Ownership transparency is not enough to solve media performance gaps

Media ownership transparency has become a goal of media reform advocates on both sides of the Atlantic, but is often simplistically presented as a solution to problems in media performance.

As I have shown in my research over time, it is not the form of ownership that matters, but the owners themselves. There are good and bad corporate owners, good and bad private owners, good and bad family owners, and good and bad foundation owners. And many owners whose media perform badly on issues of social service and public interest don’t care if the public knows who they are.
This is not to oppose making it easier for the public to know who the owners are—in some cases (especially in southeast Europe) owners sometimes hide behind shell companies, investment firms holding their shares, and even individuals fronting for them. Gaining transparency may help identify consolidation and concentration for antitrust and pluralism analyses, but lifting those veils alone is not going to solve the issue that some media owners operate media for political or personal financial gain in ways that harm the public.
The continued focus on ownership also masks the fact that many other factors create influences on media and their content. A company doesn’t have to be owned to be controlled.
Those who provide media revenue and lend media companies money matter.
The desires of advertisers skew content so that media serve more desirable demographic groups and produce a content environment that best suits their messages. It leads the media to exercise care, or ignore, news that will offend major advertisers. In some countries advertising from state enterprises and private firms is dependent upon a paper or broadcaster supporting or not challenging political figures or ruling parties. Unfortunately, in many cases, media companies and journalists comply.
Banks and other lenders that holds the debt of a media company are also in powerful positions to influence media managers, choices of the company, and content. The larger the debt, the greater the influence because it is harder to replace the firm lending the money.
Media firms owned by industrial conglomerates matter.

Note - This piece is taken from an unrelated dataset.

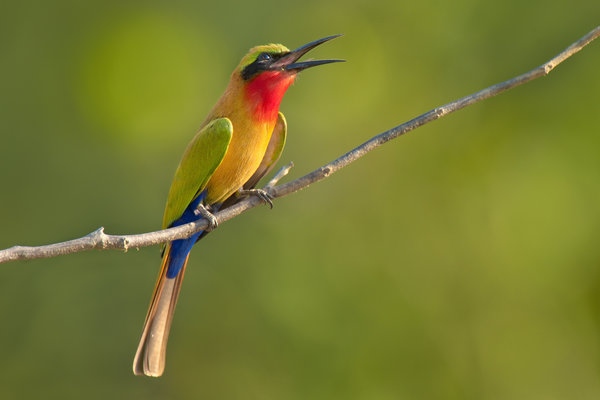 Red-throated bee-eater perched on branch, Murops belocki, Mole National Park, Ghana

Government contracts given to firms that own media can influence the news content published or broadcast. In many countries defense contractors, construction companies, banks, and service firms own media. These firms receive large public contracts to supply equipment, construct buildings and roads, handle government finance, and support government operations. In these cases, the media keep the companies in the minds of politicians and the governments and the lucrative contracts keep the media from being too troublesome to the politicians and the government.
Creating media independent of economic influences is impossible. While ownership does matter, and transparency may have virtue, a host of control issues come into play that will never be addressed by merely being transparent about who owns a media firm.